The world suggests itself continually and we respond, continually making our way over mountain and desert to tended lawns and raked ponds where a gardener talks to himself in his sleep.
in collection Another Place, 2007 ISBN 978-1844713-97-4, Salt Publishing
said you only had to look into his eyes to see a stranger; a doorstep child they called him, who made no sense however hard they tried.
They remembered his collections of things in jars, old nails, bone bits, ring-pulls, the errands for the widow his lame mum cleaned for who wouldn’t hear a bad word said against him.
They frowned and shook their heads at the cat found in the dyke, the coping stone chipped from the bridge and heaved into the track, the silly laugh, the dry stare if you showed him kindness.
Nor were they surprised when his name came up although he’s long since left the parish and the brick house on the marsh was derelict where once his dad bred pigeons and his no good bloody brother came and went.
They knew a thing or two they said, not telling when the police came to the door, for that was years ago when their unkind stares could never have anticipated this, his picture on the News and everybody’s knowing nods beginning to make some sense of things at last.
in collection Living On The Difference, 2004 ISBN 1-902382-63-3, Smith/Doorstop
You can leave me with it, this sinkful, the stumps of cauliflower, garlic skins, spud peel, the gungy matter a kitchen accumulates. This, at the end of the day, is how I like it. I gather pots, scrape away leavings, soapfroth dripping from my wrists. My thumbnail scratches at a hide of burnt sauce on the bottom of a non-stick pan. Dusk makes the window a mirror. I stare beyond myself into arteries of sycamore.
It’s your style to leave things to drain, mine to dry and put it all away, a fiddle tune in my head, high notes almost disappearing before they plunge to the bottom of everything, knives in the knife drawer, spoons snug in their tray, plates on their shelves, and always something misplaced, on purpose: scissors with the spice jars, the masher behind the milk-jug, deliberate faults woven into the day’s back end, a guarantee it’s been the genuine thing, while the musician signs off with an intricate flourish and outside the last bus climbs the brow, its lit shape trundling home with no one on board.

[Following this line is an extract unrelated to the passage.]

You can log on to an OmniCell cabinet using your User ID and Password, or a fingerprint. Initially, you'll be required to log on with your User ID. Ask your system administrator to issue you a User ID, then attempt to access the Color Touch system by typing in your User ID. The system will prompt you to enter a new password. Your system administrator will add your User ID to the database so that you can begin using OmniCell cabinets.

in collection Another Place, 2007 ISBN 978-1844713-97-4, Salt Publishing
I’d say he was at sea. If only, my mother said, giving me the sort of look grown-ups give grown-ups.
I’d say he worked on the rigs, the Gulf of Mexico. The kid two doors along confided his was in Bolivia.

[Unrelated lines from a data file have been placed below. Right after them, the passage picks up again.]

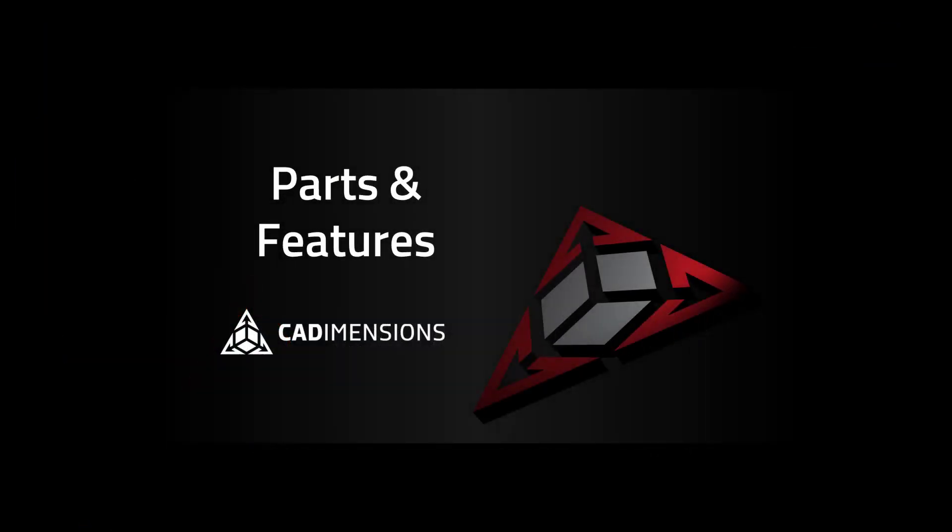Hello, my name is Amy and I'm a technical trainer and industrial designer here at CAD Dimensions. Hello, my name is Autumn. I'm a technical support person at CAD Dimensions. We want to share a few of our favorite SolidWorks 2024 enhancements for parts and features.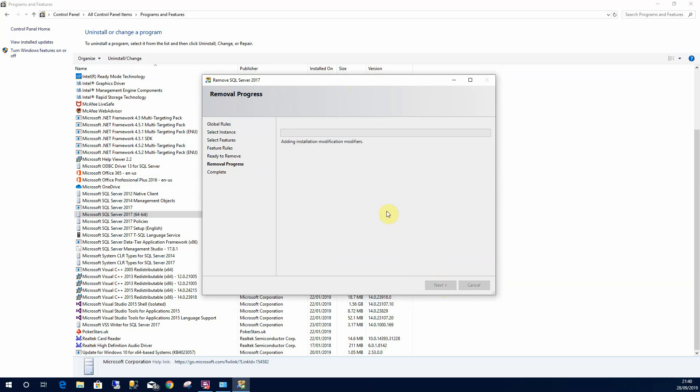And this will now slowly uninstall all of SQL Server. So let me pause the video whilst it's uninstalling.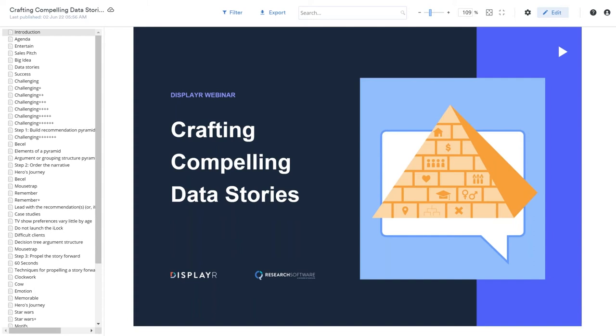In this webinar, I'm exploring the mechanics of how to communicate the story in your data. I'm assuming you've done your analysis, you've figured out the key results and conclusions, and you're trying to package it up in the best way for your audience.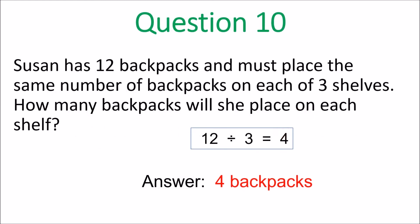Final question — Question 10. Susan has 12 backpacks and must place the same number on each of three shelves. You're dividing: 12 divided by 3 equals 4, because 3 times 4 is 12. So Susan would place 4 backpacks on each shelf. You could also have drawn three shelves and shared them out to get 4.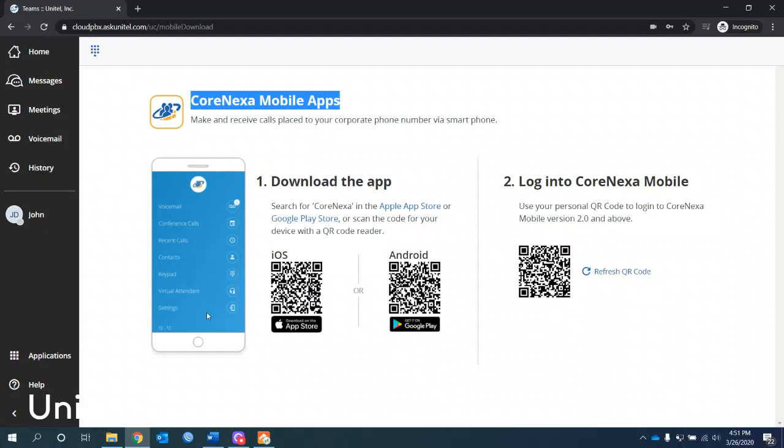One thing to point out is we went over the find me feature, either use find me or use the mobile app. Don't use both at the same time. That concludes our training for today. Thank you very much. If you want more information, you can go to askunitel.com. Thank you.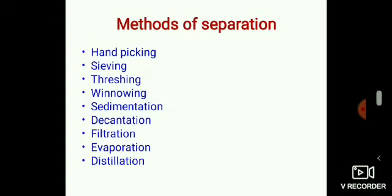Some of the methods commonly used for separating the components of mixtures are hand picking, sieving, threshing, winnowing, sedimentation, decantation, filtration, evaporation, and distillation. We will discuss about the different methods of separation in detail in the next session.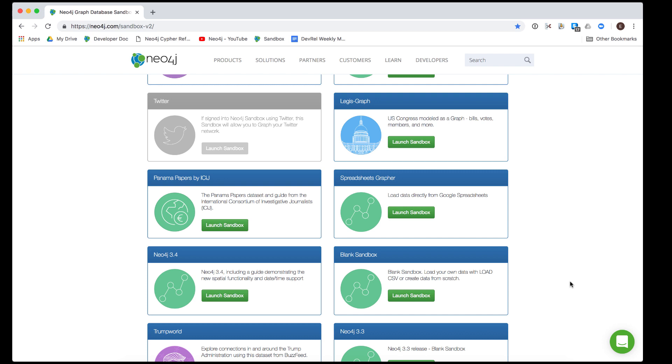For example, the Twitter sandbox is currently grayed out. This particular sandbox is being modified and is currently not available.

I’d say nothing of the monthly trips, gates and doors, the hubbub of a long room, formica table-tops, plastic cups.
For a man who claimed he hadn’t meant to, he smiled a lot, more often and wider as the years went by.

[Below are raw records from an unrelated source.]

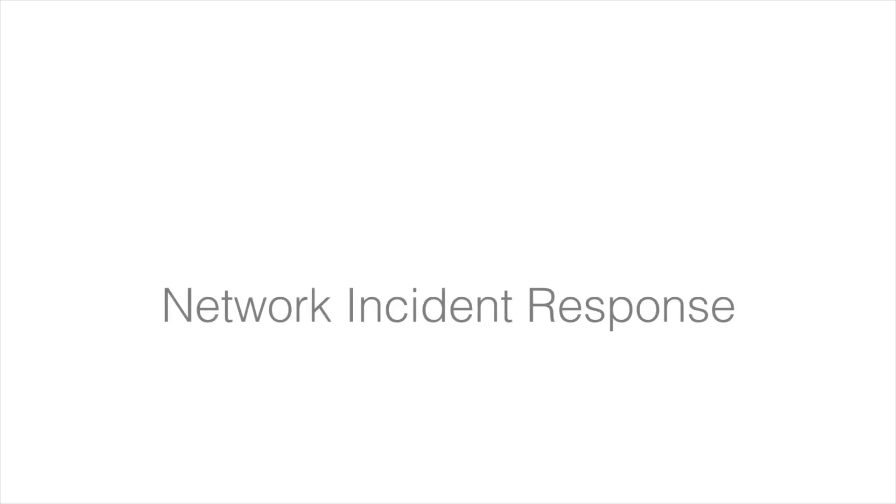Defend your extended network by leveraging the very best in security analytics.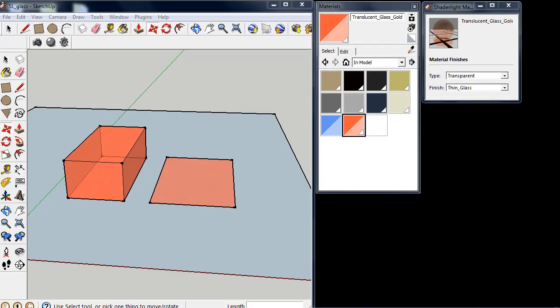In this Shade Light Short I'm going to show you the difference between the thin glass and the thick glass option in the transparent material types in the Shade Light Material Editor.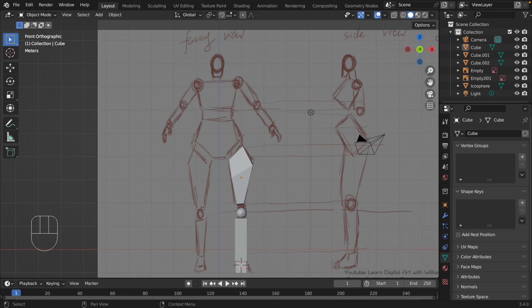Alright guys, it's William Jumping here. Let's continue our tutorial and finish this down part.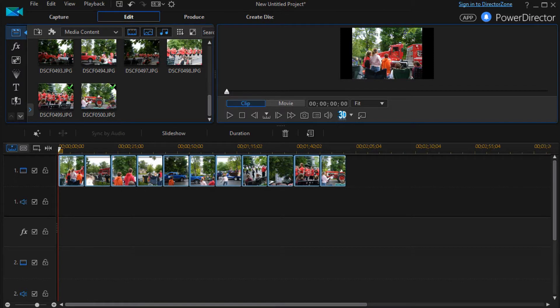In this tutorial in CyberLink PowerDirector, we're going to take a look at a couple of additional templates that we have within our slideshow designer to show you how to customize them.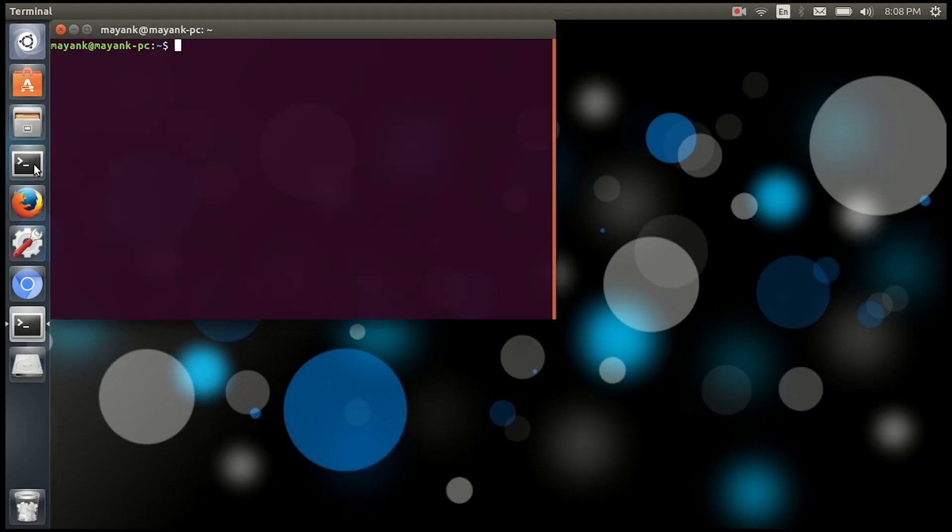Hey guys, Manak here. Today I'm making a short video just to tell you how to install OpenGL library function in Ubuntu. So let's get into it. First, let me show you if OpenGL package is installed or not.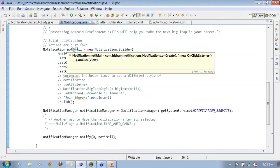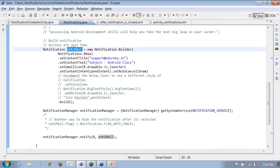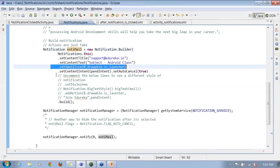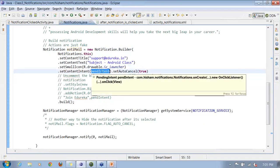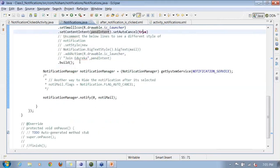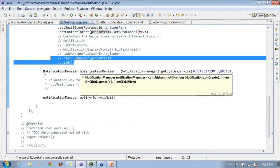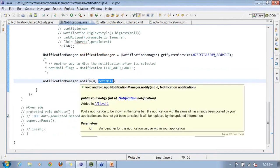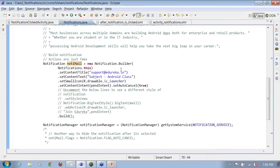Now I'm calling a notification object to build the notification. Using the notification builder I'm setting the content title, the text, the small icon, and the content intent — which associates the pending intent to the notification. Finally I call build() so that my notification is ready. When the notification is ready, I call the notification manager and ask it to notify using my notification object. It also takes an integer identifier — since I'm using only one notification, I use identifier 1.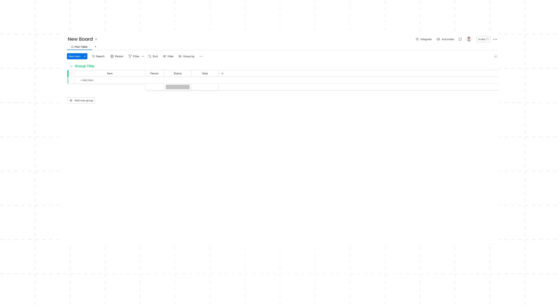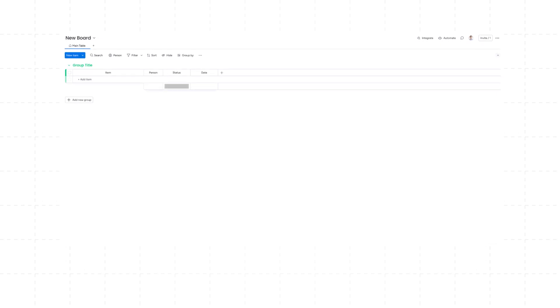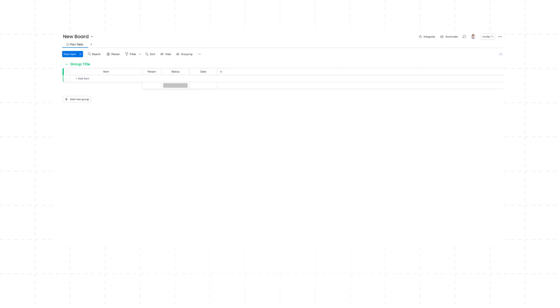Ever felt like you're stuck in an endless loop building project boards from scratch every single time? You open up your favorite project management tool and there it is — a blank canvas. You manually add every task, set every dependency, assign every team member, install every automation over and over again. It feels like you're reinventing the wheel with each new project.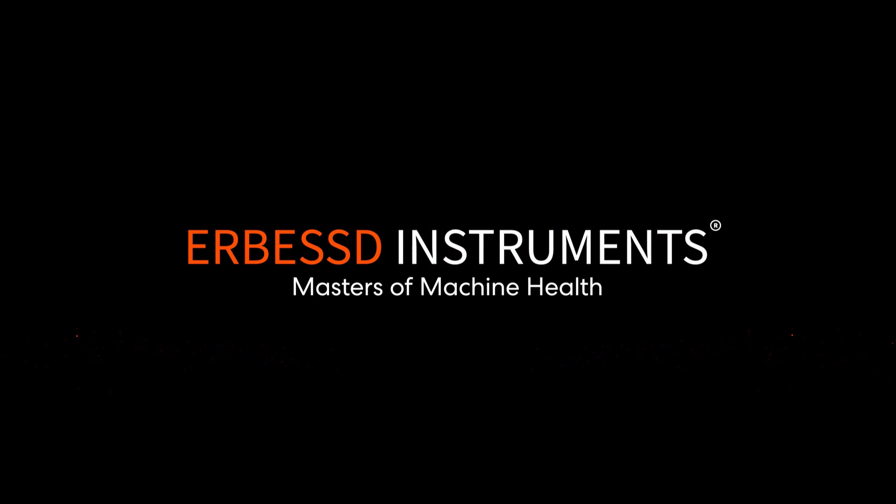For more information, please visit our page erbest-instruments.com. Thank you.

For a man who didn’t know when, he kept up with the news, read between the lines, worked out his answers.
For a man lost to the innocence of words, he left it to his smile to see him through - goodbye’s, christmases, divorce.
For a man who finally got out, what he likes best now is staying in. From his seventh floor flat the town’s unchanged.
He keeps a tally of my visits; we share a takeaway, a game of chess I always lose, the comfort of long silences,
though when I ring the bell and listen as he slides the bolt, rattles the chain, there’s a familiar urge to run
before the front door opens and we’re both giving it that kite-wide, wouldn’t-harm-a-fly, killer of a smile.